Jaśkowiak zaznaczył, że dodatkowe pieniądze trafią na zadania, które musi realizować miasto; nie będzie jednak w stanie wesprzeć dzięki nim lokalnych przedsiębiorców w trudnej sytuacji.
– Szacuję, że wpływy z podatku CIT będziemy mieli na poziomie 50 proc. tych zakładanych, bo wyniki przedsiębiorstw będą po prostu dużo gorsze. Będziemy mieli też dużo niższe wpływy z podatku PIT. Nie mam żadnych wątpliwości, że tych ubytków, które się wiążą z pandemią nie uzupełni mi rząd. Wystąpimy o dodatkowy kredyt w rachunku bieżącym na 500 mln zł – powiedział Jaśkowiak na konferencji prasowej.
Założone w budżecie miasta na rok 2020 udziały we wpływach z podatku dochodowego to ponad 1 mld 390 mln zł, z tego wpływy z podatku dochodowego od osób prawnych to 160 mln zł.
– Na budżet Poznania składają się wpływy z PIT, CIT, z podatku od nieruchomości – już dzisiaj widzimy, że te wpływy są niższe; przedsiębiorstwa będą traciły płynność – powiedział prezydent.
Jednocześnie Jaśkowiak zaapelował do lokalnych przedsiębiorców w trudnej sytuacji o rozważenie np. przebranżowienia. Przyznał, że samorząd nie będzie w stanie wesprzeć ich w satysfakcjonujący sposób.

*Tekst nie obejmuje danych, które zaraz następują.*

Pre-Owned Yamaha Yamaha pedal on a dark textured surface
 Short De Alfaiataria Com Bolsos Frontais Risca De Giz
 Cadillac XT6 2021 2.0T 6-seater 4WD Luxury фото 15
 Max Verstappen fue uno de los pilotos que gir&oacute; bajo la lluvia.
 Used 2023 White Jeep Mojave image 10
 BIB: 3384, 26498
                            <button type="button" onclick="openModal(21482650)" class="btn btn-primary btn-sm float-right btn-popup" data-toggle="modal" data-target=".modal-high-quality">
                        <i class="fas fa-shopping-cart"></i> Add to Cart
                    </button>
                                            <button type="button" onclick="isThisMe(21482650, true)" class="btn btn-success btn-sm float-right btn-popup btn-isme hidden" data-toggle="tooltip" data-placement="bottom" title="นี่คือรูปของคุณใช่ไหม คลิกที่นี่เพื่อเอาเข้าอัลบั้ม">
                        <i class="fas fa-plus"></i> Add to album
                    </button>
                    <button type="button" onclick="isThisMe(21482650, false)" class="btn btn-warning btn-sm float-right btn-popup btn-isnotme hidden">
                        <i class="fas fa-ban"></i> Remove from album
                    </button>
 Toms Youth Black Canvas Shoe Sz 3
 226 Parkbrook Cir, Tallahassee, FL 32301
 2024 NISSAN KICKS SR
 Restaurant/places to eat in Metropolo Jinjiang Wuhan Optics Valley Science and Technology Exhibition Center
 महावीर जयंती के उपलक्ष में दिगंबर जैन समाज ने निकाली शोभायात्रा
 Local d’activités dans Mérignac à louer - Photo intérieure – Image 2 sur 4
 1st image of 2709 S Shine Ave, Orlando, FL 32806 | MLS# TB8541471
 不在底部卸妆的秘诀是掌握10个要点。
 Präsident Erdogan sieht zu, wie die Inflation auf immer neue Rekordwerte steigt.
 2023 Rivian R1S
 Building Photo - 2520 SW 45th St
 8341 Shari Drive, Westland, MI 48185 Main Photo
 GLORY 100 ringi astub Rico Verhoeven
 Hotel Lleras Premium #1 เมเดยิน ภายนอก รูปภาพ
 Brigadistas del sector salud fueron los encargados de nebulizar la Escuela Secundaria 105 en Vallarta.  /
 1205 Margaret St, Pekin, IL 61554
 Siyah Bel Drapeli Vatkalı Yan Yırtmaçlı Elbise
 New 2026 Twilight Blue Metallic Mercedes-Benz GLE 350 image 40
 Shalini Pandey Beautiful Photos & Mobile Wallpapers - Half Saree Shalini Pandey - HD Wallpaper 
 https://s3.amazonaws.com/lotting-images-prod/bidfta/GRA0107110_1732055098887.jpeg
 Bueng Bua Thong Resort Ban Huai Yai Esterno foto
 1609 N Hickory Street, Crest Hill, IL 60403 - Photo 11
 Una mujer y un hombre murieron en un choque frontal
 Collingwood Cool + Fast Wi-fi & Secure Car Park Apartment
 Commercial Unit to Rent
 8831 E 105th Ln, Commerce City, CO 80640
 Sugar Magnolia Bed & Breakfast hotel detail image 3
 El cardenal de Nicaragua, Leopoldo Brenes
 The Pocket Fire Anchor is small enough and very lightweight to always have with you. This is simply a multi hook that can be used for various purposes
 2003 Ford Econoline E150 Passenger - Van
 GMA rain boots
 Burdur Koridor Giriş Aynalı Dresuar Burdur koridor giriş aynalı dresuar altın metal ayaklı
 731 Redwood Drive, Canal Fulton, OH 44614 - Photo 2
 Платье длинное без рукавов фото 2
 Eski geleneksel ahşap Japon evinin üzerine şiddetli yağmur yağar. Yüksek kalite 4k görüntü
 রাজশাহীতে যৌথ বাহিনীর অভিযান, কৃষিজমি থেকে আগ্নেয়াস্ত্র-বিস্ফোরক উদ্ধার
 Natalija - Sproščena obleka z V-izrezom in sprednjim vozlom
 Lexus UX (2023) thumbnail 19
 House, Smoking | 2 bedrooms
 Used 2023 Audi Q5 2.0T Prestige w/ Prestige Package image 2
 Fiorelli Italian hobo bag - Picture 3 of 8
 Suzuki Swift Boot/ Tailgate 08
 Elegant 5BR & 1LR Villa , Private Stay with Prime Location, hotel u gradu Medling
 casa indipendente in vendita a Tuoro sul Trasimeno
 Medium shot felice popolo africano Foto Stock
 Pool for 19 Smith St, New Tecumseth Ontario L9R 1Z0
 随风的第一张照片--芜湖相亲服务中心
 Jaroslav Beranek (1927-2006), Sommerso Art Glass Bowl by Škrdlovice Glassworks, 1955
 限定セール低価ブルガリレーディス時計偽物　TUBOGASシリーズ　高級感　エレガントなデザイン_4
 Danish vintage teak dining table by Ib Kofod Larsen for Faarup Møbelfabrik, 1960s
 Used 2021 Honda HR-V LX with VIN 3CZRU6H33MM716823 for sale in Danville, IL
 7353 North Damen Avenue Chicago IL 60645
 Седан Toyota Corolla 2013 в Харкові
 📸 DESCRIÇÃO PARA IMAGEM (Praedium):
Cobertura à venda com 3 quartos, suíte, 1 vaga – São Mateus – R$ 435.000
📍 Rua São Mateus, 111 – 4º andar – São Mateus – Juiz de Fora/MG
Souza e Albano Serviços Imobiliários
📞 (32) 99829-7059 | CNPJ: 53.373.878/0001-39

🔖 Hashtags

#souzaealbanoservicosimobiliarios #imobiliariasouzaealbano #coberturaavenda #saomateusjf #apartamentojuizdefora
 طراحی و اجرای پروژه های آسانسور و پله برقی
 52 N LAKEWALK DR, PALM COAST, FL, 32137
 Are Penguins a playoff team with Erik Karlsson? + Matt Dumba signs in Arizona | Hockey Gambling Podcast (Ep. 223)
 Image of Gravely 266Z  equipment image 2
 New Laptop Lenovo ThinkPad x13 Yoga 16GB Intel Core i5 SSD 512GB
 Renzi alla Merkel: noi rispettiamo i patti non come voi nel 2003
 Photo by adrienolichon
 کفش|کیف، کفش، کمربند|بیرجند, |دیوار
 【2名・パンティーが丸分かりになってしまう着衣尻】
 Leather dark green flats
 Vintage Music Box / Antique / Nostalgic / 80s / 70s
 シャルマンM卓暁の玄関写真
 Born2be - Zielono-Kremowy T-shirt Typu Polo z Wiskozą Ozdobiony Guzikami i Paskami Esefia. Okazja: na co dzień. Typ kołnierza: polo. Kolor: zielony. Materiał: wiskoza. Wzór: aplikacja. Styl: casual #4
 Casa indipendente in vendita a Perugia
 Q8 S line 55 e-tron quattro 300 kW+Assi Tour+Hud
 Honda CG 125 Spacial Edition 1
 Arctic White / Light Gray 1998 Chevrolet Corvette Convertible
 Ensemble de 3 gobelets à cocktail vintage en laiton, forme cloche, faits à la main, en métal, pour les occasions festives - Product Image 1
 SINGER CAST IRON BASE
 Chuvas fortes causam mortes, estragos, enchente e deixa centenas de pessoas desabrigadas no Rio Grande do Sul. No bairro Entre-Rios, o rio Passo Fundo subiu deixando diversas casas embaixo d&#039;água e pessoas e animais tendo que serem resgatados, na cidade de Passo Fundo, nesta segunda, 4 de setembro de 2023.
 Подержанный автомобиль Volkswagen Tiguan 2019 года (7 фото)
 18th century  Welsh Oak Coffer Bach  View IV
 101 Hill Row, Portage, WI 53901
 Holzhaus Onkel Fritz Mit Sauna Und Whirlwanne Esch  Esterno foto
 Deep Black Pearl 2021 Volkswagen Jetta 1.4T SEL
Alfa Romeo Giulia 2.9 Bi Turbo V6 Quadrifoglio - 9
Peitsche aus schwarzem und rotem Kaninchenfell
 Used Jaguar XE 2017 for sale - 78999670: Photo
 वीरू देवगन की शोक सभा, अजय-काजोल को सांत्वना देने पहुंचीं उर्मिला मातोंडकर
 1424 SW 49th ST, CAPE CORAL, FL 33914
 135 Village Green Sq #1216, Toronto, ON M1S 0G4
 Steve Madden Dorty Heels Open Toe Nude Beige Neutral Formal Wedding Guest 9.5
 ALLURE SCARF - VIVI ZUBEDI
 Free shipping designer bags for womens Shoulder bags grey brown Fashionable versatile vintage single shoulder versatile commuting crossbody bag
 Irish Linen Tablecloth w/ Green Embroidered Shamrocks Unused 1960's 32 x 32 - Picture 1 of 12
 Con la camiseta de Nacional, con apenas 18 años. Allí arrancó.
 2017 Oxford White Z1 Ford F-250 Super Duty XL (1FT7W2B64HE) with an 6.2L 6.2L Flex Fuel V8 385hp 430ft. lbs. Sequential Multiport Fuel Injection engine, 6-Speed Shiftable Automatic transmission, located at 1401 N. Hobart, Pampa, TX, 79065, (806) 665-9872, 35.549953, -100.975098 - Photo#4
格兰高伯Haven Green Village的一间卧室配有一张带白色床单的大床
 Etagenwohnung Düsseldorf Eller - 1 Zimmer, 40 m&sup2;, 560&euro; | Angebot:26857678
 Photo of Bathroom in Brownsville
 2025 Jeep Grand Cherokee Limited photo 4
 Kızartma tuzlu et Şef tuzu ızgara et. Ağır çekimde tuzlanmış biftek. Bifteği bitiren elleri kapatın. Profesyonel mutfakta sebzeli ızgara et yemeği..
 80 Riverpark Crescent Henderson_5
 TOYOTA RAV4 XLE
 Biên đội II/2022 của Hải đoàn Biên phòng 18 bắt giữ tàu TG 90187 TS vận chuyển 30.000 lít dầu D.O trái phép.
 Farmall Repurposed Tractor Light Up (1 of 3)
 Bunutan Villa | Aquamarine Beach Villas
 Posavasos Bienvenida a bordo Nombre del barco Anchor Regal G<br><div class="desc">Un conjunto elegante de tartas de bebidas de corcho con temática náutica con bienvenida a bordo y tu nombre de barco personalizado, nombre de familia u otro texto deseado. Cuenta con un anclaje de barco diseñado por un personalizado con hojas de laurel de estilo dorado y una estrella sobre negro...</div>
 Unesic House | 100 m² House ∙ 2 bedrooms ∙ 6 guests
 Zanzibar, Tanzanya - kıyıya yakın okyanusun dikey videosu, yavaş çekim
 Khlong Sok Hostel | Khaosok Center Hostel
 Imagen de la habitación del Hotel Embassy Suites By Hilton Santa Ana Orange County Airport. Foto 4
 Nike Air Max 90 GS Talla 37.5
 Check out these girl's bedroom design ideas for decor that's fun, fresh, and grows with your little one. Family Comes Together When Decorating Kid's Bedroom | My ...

– Nie mam wątpliwości, że wirus doprowadzi do daleko idących zmian w biznesie; wiele firm nie przetrwa pandemii. Proszę zrozumieć, że nie po to będę teraz zaciągał kredyt, żeby te środki przekierować na przedsiębiorców, którzy w trudnych warunkach nie są sobie w stanie poradzić. Musimy realizować szereg zadań i finansować te zadania, które są nałożone na gminy, na Poznań – powiedział Jaśkowiak.
– Rząd i prezydenci największych miast zdają sobie sprawę z tego, że impulsem, który bardzo pomoże gospodarce będą inwestycje w dużych miastach. I dopiero ten impuls może się przełożyć na inne działania – dodał prezydent Poznania.